Because of the difficulty of determining causation using uncontrolled before-and-after designs, it is recommended that these study designs be avoided in future research on the effectiveness of meditation practices. Researchers should aim to employ designs and analytic strategies that optimize the ability to make causal inferences (in some cases this may require the use of uncontrolled before-and-after designs). Although it is important to suggest conducting more high quality studies based on the standards for RCTs, it is also important to develop alternative study designs and analytic tools that can incorporate the special features of meditation practices to fully investigate the possible effects of these practices. As well, future studies would benefit from having larger samples with concurrent controlled designs, using disease-specific measures and providing clearer descriptions of intervention components. The quality of reporting of meditation research would be improved by a wider dissemination and stricter enforcement of the CONSORT guidelines within the CAM community.

Conclusions

The field of research on meditation techniques and their therapeutic applications has been clouded by confusion over what constitutes meditation and by a lack of methodological rigor in much of the research. Further research needs to be directed toward distinguishing the effects and characteristics of the many different techniques falling under the rubric “meditation.” The single and multimodality meditation practices included in this report were categorized for pragmatic reasons, but specific attention must be paid to developing definitions for these techniques that are both conceptually and operationally useful.

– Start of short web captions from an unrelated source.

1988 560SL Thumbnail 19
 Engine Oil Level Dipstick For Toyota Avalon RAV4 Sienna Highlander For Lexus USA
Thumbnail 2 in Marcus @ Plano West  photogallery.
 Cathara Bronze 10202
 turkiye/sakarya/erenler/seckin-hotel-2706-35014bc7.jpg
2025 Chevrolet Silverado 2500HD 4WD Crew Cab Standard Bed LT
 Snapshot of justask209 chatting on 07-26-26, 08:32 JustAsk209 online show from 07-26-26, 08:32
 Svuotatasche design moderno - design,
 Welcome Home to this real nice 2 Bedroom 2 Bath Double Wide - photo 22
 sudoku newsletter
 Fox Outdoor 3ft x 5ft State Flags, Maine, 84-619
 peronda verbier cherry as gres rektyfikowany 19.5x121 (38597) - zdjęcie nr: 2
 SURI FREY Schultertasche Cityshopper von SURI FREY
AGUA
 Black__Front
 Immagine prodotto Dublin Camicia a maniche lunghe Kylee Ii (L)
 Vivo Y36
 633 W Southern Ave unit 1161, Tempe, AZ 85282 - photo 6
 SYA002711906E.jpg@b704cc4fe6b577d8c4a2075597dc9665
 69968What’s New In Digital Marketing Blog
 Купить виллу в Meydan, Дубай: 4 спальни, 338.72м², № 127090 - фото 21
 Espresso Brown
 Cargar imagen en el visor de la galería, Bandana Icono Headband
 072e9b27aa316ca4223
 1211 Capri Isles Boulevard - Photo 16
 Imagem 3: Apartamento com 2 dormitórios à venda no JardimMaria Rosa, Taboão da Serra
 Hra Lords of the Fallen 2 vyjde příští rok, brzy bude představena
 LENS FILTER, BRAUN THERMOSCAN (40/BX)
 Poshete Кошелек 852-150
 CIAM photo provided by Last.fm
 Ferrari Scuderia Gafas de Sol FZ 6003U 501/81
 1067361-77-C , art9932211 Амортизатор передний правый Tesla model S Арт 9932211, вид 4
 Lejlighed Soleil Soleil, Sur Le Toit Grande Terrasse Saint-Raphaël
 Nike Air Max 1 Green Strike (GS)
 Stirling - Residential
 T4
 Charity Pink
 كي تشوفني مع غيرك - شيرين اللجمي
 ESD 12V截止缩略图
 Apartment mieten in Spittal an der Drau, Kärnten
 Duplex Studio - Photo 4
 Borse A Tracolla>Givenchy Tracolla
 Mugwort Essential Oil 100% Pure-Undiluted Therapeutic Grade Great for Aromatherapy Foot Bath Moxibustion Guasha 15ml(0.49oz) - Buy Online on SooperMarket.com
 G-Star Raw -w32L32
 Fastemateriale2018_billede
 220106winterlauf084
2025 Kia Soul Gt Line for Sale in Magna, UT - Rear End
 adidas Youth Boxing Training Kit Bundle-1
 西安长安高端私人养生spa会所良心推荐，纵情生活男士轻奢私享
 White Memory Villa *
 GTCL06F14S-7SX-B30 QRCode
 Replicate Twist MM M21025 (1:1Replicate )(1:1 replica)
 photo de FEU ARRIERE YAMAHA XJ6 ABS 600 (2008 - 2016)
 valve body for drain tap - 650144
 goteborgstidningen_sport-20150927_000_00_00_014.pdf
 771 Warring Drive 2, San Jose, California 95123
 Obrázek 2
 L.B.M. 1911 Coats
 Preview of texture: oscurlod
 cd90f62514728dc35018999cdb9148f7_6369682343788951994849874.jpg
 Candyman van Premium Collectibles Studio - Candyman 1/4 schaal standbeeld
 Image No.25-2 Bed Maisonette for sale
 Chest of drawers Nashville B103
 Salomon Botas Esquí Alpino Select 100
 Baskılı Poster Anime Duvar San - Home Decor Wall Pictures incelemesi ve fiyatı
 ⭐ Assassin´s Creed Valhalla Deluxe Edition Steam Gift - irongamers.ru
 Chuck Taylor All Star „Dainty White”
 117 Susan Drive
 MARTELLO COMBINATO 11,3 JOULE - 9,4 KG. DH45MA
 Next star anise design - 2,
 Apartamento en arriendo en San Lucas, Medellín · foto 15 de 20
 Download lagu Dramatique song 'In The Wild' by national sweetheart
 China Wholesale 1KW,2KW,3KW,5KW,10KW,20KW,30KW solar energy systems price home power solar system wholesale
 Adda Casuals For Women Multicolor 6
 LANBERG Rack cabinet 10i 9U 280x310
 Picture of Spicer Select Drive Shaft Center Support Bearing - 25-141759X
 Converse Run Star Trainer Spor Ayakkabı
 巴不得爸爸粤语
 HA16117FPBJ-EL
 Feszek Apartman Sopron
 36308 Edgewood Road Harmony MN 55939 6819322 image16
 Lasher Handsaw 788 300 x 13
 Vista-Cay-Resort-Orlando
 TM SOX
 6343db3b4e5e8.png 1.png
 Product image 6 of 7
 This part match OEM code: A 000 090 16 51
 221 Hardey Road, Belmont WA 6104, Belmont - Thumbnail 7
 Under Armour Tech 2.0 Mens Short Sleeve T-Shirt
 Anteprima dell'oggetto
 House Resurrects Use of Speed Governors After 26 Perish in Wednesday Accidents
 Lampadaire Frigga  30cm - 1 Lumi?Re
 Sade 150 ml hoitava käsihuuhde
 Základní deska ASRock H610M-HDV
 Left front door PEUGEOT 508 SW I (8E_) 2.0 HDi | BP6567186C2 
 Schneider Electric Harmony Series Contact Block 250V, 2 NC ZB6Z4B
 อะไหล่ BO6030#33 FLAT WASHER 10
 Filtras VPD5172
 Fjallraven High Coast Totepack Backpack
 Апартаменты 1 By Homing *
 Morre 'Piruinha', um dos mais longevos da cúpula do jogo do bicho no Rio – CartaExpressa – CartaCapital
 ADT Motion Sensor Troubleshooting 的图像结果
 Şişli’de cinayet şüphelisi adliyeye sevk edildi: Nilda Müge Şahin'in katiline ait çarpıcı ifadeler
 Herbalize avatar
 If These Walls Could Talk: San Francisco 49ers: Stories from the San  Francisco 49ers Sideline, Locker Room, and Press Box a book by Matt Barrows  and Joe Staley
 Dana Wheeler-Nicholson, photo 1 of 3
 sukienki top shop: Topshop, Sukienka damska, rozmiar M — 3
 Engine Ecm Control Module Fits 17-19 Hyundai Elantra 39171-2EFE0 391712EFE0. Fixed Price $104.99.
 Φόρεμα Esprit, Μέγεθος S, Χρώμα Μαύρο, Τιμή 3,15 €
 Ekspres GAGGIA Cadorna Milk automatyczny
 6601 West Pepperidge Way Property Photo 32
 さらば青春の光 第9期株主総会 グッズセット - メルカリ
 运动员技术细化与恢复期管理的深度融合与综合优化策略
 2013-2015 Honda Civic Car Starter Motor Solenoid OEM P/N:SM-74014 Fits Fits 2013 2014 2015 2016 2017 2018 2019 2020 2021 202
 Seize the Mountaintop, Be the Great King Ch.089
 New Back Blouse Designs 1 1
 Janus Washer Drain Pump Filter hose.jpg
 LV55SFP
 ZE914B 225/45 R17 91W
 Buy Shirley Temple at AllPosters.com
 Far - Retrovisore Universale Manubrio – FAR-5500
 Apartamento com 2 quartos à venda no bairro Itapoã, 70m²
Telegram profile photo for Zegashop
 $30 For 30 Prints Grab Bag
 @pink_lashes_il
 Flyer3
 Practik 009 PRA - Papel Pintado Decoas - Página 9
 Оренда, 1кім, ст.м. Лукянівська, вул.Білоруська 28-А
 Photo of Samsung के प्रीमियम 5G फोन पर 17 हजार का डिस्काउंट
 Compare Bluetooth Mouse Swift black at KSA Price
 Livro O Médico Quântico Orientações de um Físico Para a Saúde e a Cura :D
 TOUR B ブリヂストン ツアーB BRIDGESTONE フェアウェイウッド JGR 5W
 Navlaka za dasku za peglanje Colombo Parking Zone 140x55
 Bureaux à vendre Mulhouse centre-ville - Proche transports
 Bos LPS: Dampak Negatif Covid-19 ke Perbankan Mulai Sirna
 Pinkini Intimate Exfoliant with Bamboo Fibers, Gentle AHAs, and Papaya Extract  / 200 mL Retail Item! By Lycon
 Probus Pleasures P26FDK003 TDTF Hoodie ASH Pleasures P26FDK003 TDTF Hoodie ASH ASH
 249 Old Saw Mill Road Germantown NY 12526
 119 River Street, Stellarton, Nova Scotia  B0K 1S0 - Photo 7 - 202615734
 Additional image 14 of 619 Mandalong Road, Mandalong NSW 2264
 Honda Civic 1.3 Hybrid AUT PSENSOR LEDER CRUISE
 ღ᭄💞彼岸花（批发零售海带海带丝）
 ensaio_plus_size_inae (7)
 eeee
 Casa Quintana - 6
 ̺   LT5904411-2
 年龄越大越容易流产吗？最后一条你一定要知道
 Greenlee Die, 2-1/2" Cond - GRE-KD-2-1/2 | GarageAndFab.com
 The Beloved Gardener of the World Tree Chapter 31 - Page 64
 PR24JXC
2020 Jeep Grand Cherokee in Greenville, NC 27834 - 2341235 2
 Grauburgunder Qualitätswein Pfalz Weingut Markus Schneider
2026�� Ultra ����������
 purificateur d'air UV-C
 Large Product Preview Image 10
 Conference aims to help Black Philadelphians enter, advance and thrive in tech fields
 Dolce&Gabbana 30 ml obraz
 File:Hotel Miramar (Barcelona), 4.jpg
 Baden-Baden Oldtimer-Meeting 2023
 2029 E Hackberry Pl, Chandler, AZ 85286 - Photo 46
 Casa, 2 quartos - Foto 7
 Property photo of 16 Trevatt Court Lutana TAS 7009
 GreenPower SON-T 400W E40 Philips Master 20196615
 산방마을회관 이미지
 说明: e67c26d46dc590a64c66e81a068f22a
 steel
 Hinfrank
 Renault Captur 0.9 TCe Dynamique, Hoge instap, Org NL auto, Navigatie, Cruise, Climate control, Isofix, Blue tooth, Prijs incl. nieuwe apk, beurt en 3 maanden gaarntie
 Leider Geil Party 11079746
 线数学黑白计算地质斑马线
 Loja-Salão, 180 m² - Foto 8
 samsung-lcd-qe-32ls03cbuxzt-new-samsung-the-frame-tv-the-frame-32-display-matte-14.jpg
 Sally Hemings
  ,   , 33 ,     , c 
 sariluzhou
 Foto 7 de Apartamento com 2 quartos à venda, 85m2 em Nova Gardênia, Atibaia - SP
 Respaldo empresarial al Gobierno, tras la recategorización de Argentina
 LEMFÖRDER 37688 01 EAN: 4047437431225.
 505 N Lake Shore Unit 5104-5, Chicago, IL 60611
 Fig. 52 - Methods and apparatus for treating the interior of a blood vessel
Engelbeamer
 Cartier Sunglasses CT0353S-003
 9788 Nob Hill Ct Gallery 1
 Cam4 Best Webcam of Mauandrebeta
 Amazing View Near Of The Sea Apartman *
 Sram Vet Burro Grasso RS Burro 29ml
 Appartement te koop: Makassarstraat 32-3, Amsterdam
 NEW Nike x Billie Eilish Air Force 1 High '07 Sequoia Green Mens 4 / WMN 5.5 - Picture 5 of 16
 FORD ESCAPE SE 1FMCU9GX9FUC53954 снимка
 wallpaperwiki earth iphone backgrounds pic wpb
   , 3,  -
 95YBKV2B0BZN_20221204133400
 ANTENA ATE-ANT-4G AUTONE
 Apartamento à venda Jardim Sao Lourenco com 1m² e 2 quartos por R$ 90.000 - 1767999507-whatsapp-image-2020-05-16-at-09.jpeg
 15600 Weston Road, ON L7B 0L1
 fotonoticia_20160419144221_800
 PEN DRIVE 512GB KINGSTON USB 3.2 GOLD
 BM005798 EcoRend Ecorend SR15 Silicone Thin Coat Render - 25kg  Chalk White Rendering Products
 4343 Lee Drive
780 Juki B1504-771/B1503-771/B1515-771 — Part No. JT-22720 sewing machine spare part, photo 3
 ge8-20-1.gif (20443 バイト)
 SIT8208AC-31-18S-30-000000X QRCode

Such definitions are a prerequisite for scientific research of the highest quality. Research of higher quality is vital to respond appropriately to the many persistent questions in this area. The dearth of high-quality evidence highlights the need for greater care in defining and choosing the interventions and in choosing controls, populations, and outcomes that permit comparison of studies across techniques regarding their therapeutic effects. More care in these choices will allow effects to be estimated with greater reliability and validity. More randomized trials that draw on the experience of investigators or consultants with a strong background in clinical and basic research should be conducted. As a whole, firm conclusions on the effects of meditation practices in healthcare cannot be drawn based on the available evidence. However, the results analyzed from methodologically stronger research include findings sufficiently favorable to emphasize the value of further research in this field. It is imperative that future studies on meditation practices be more rigorous in design, execution, and analysis, and in the reporting of the results. Greater importance should be placed on the reporting of study methods and providing detailed descriptions of the training of the participants, qualifications of meditation instructors, and on reporting the criteria and methods used to determine a successful meditation practice.